His tendency, as he showed again on the Gold Coast, is to back himself to buzz about in the heavy traffic and find a safe passage through it, but the net result is typically that his distribution dries up, his vision narrows and he runs into the same dead ends as Barrett.
Why Barrett may be slightly favoured at the moment is because he's shown a greater understanding of what the art of play-making entails and specifically how it pertains to countering a rush defence.
He may lack the fluidity and agility of Mo'unga, but he counters that with his greater appreciation of how and when to adjust his alignment and pose defences with a greater variety of questions.
His performance in Perth would rank as the best by an All Blacks No 10 this season because of the way he sporadically dropped into a deeper position when he felt the Wallaby defence was dominating and turned them with his kicking game, while being prepared at other times to take the ball, at pace, on the gainline and offload out of the weak tackles he invariably forced.
He kept the Wallabies defence guessing, astutely changing his depth and his option-taking to ensure he mostly played with time and space.
And the art of being a first-five largely comes down to just that – of subtly mixing up the attacking alignment.
It's about reading the defence to know when to stand deep, when to take the ball flat and how to effectively marry pass, run and kick to those alignments.
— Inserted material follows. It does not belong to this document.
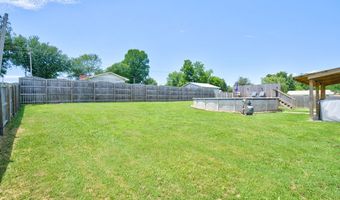 225 Peach St, Baxter, TN 38544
Both Barrett and Mo'unga would currently be classified as works in progress, with the former, probably due to his greater test experience in the role, the more consistent at delivering the right mix at the right times.
That status is unlikely to change for either this year and the big Hollywood moment where Foster has to declare his allegiance to one or other will continue to be the stuff of fiction for a while yet.